In order to transmit a large amount of power in a short time, it is necessary to either increase the brightness of the output light of the light source or increase the light receiving area of the light receiving element. However, when using a high-luminance light source, it is necessary to ensure safety, so it is difficult to use in an open space. Usually, the shape and structure of the light receiving optical system are devised (Patent Document 1).
Japanese Patent Laid-Open No. 2004-165581

  When trying to transmit a large amount of power, it is inevitable to increase the output of the light source. A laser can be used, but it is dangerous to propagate in space.

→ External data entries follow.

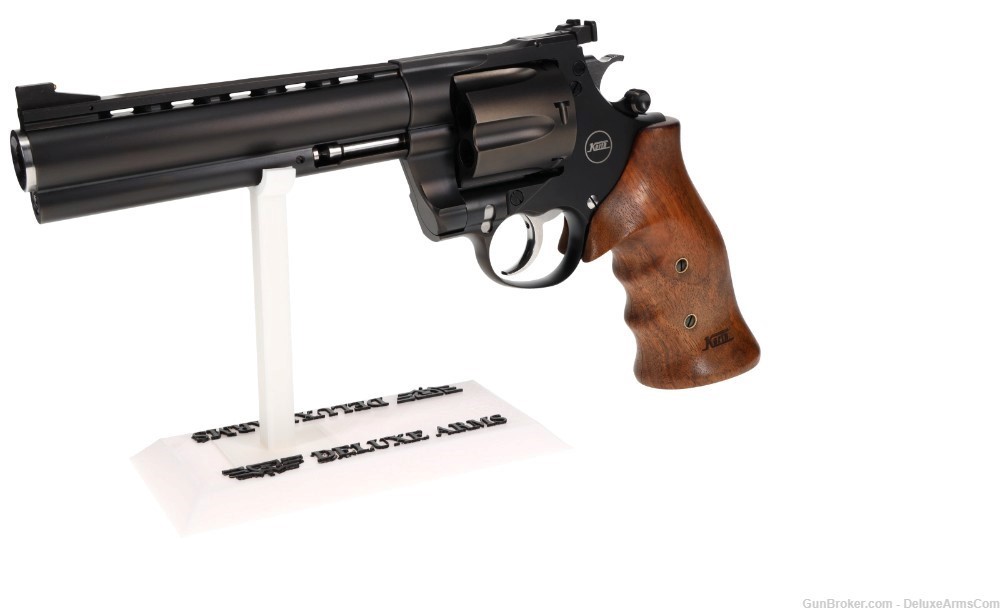NEW! Korth NSX Mongoose Revolver 6 in 44 Magnum Walnut Grip Black DLC Frame-img-8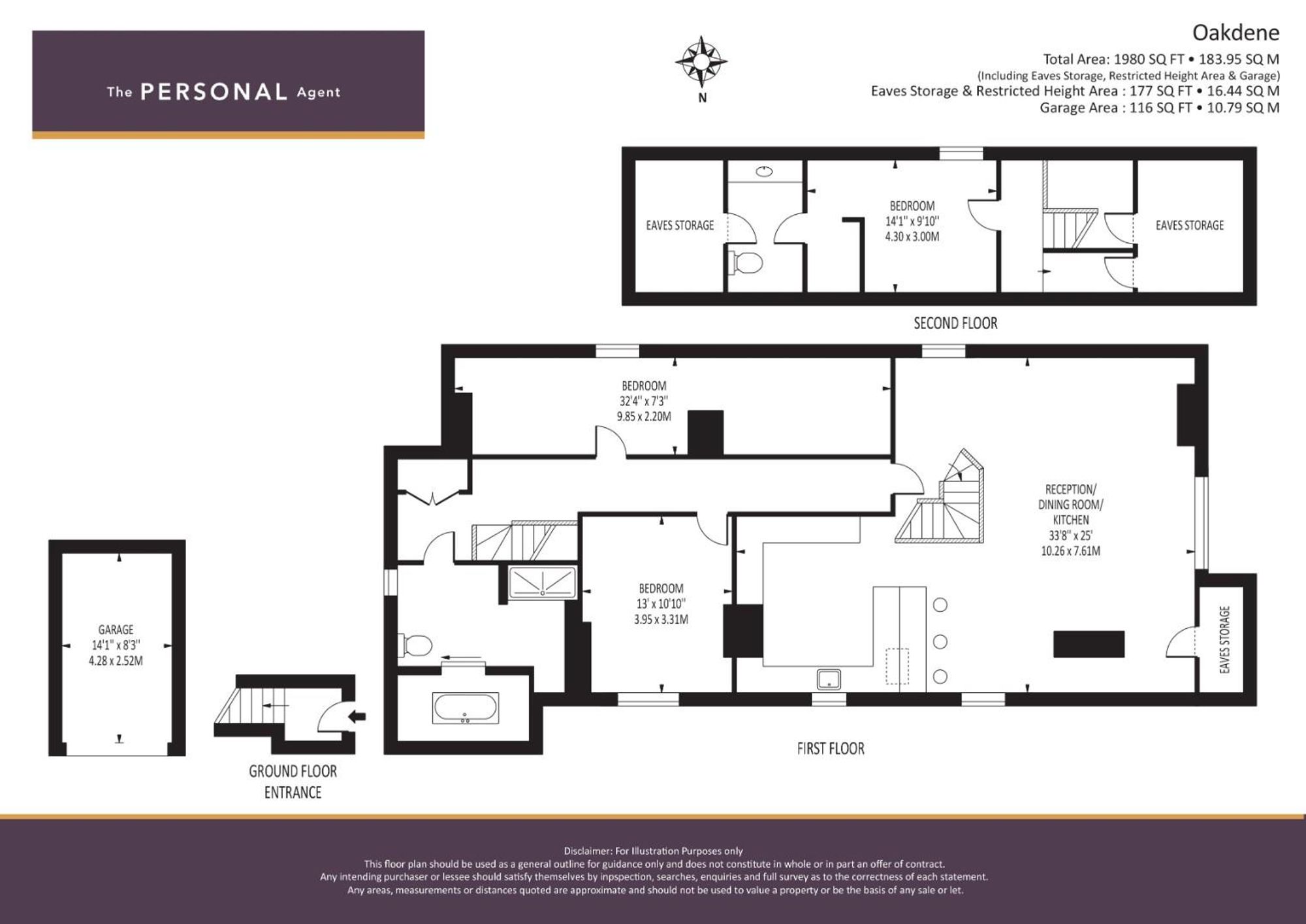 Flat 5, Oakdene The Glade, Tadworth floorplan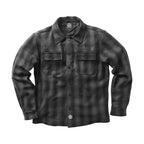 WCC Wool lined Plaidshirt charcoal/black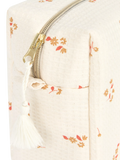 Nobodinoz Diva wash bag Yellow Lily imported from the UK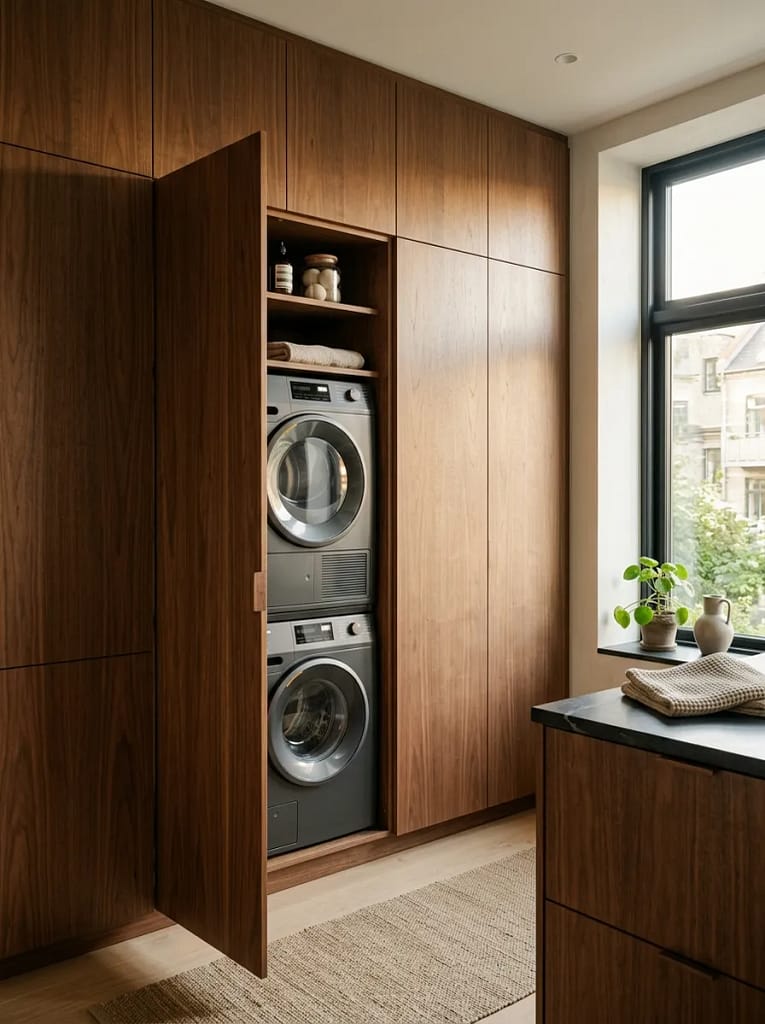 22 Laundry Room Decor Ideas for Stylish Small Spaces 10 Hidden Washer Cabinets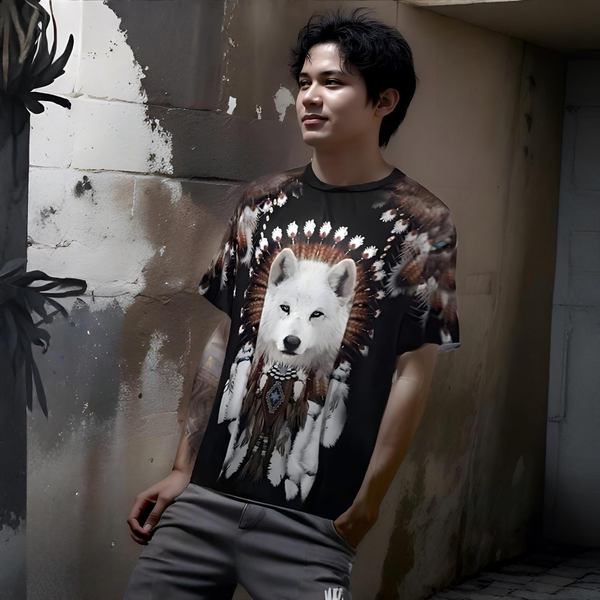^NATIVE AMERICAN^ ~FULL PRINT~ LIGHTWEIGHT SUMMER TEES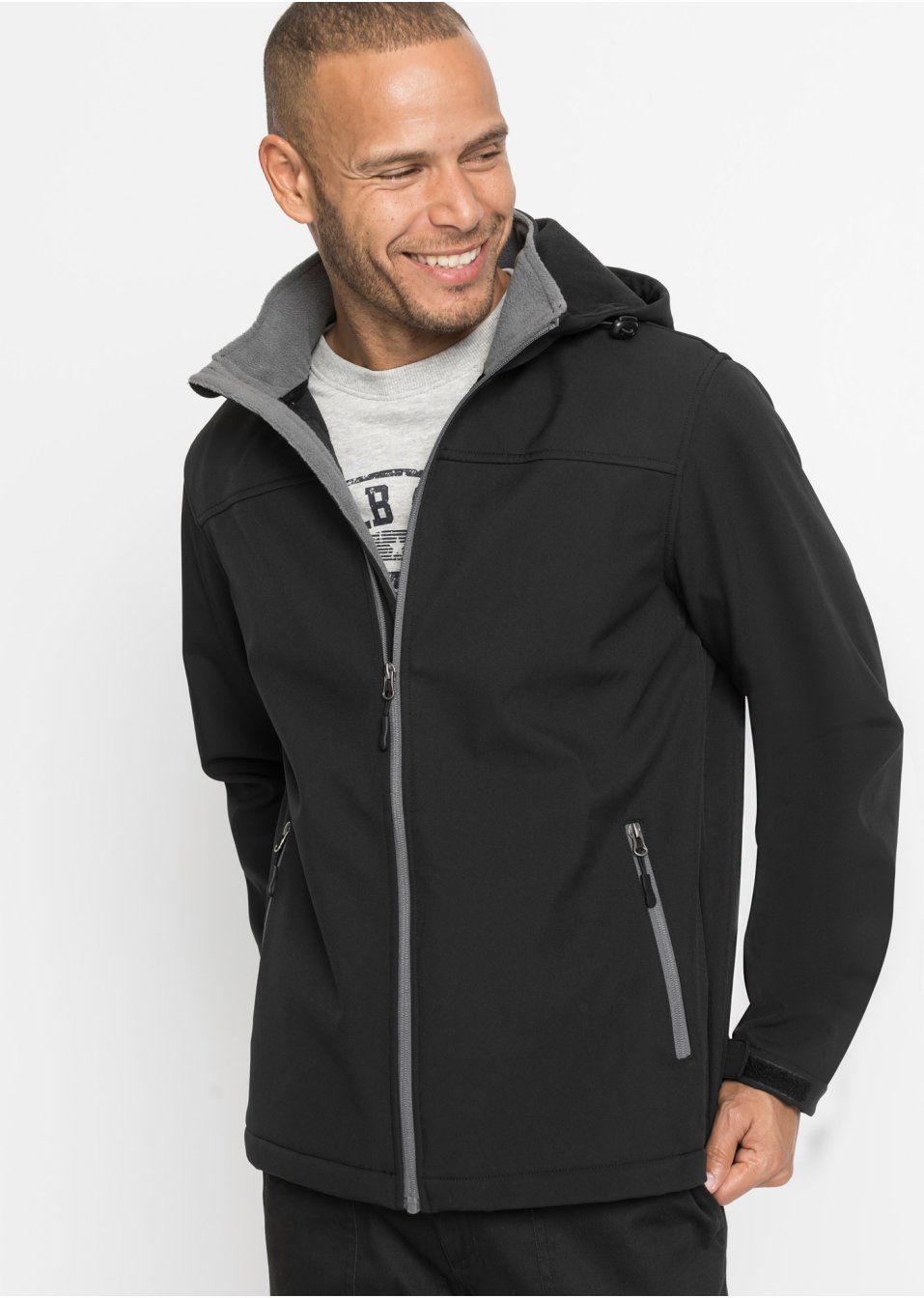 Veste softshell coupe confort pour le ventre
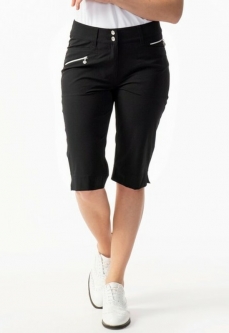 Daily Sports Ladies Miracle 24.5" Outseam Zip Front Golf Shorts - Black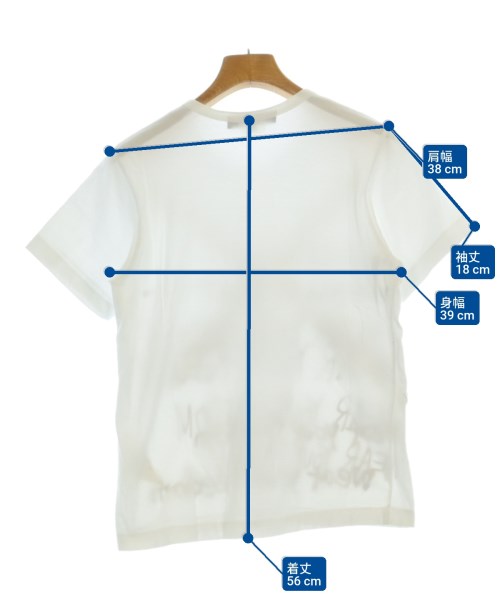 COMME des GARCONS（コムデギャルソン）Tシャツ・カットソー 白 サイズ:S レディース/2200649564064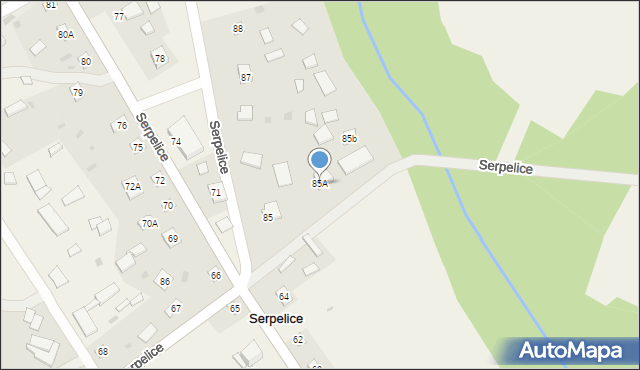 Serpelice, Serpelice, 85A, mapa Serpelice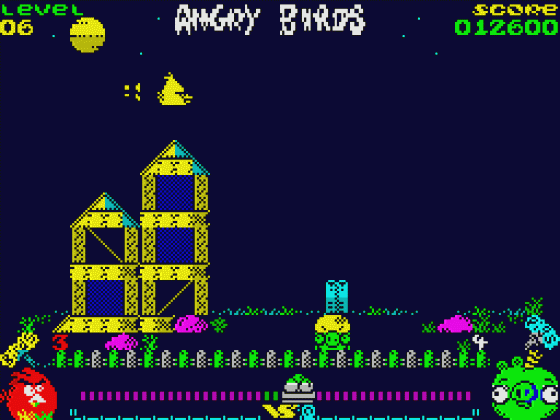 Angry Birds: Opposition Screenshot 9 (Spectrum 48K)
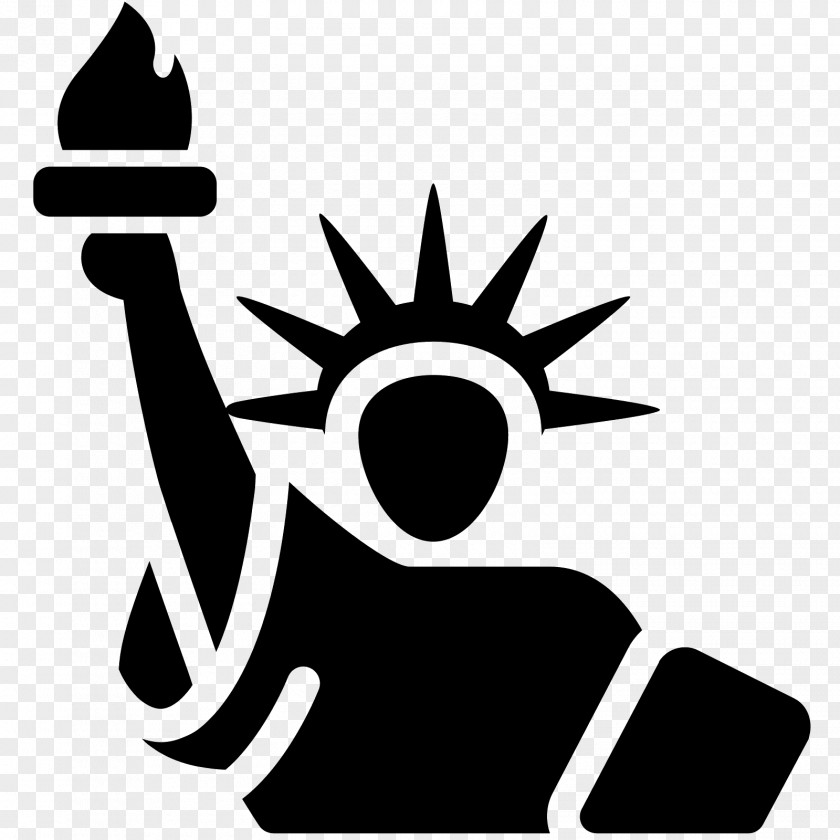 Hispanic Black & White Statue Of Liberty Computer Software Bail PNG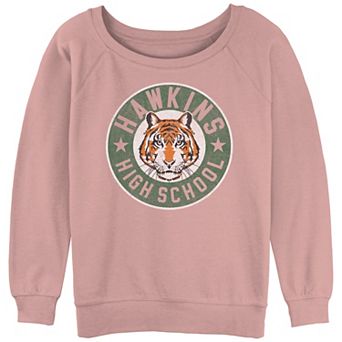 Juniors' Netflix Stranger Things Hawkins High School Logo Slouchy Terry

  An object of this invention is to show the power transmission system which can transmit electric power safely, propagating high-intensity light in open space.

  A power transmission system according to the present invention is a power transmission system that spatially transmits power from a power transmission device to a power reception device, and the power transmission device includes a wide beam divergence and low power reception device detection dummy light and a narrow beam. A laser emitting device capable of selectively outputting a high-power laser beam for power transmission, an optical axis deflecting device capable of deflecting the emitting direction of the output laser beam of the laser emitting device, and the power receiving of the dummy light for detecting the power receiving device A control device for controlling the optical axis deflecting device according to the reflected light from the device, the power receiving device reflecting the power receiving device detection dummy light from the power transmitting device in the incident direction, and And a light receiver that photoelectrically converts the laser beam for power transmission from the power transmission device.

  According to the present invention, power can be spatially transmitted from a power transmitting device to a power receiving device with high efficiency by laser light.

  Hereinafter, embodiments of the present invention will be described in detail with reference to the drawings.

  FIG. 1 shows a schematic block diagram of an embodiment of the present invention, and FIG. 2 shows a perspective view of an optical system of this embodiment.

  In the present embodiment, the power transmission device 10 emits a low-power dummy light (power reception device detection dummy light) with a wide beam divergence angle in accordance with a predetermined operation of the user instructing the start of power supply. Check existence and direction. When the presence and direction of the power receiving device 40 can be confirmed, the power transmitting device 10 is directed toward the light receiving unit of the power receiving device 40 that has been confirmed with a high beam, for example, several tens of mW to a thin beam having an area of the light receiving unit. Several W of laser light (power transmission laser light) is emitted. Although details will be described later, the power transmission device 10 includes means for deflecting the emission direction of the power transmission laser light in two directions orthogonal to each other, for example, two directions in a horizontal plane and a vertical plane.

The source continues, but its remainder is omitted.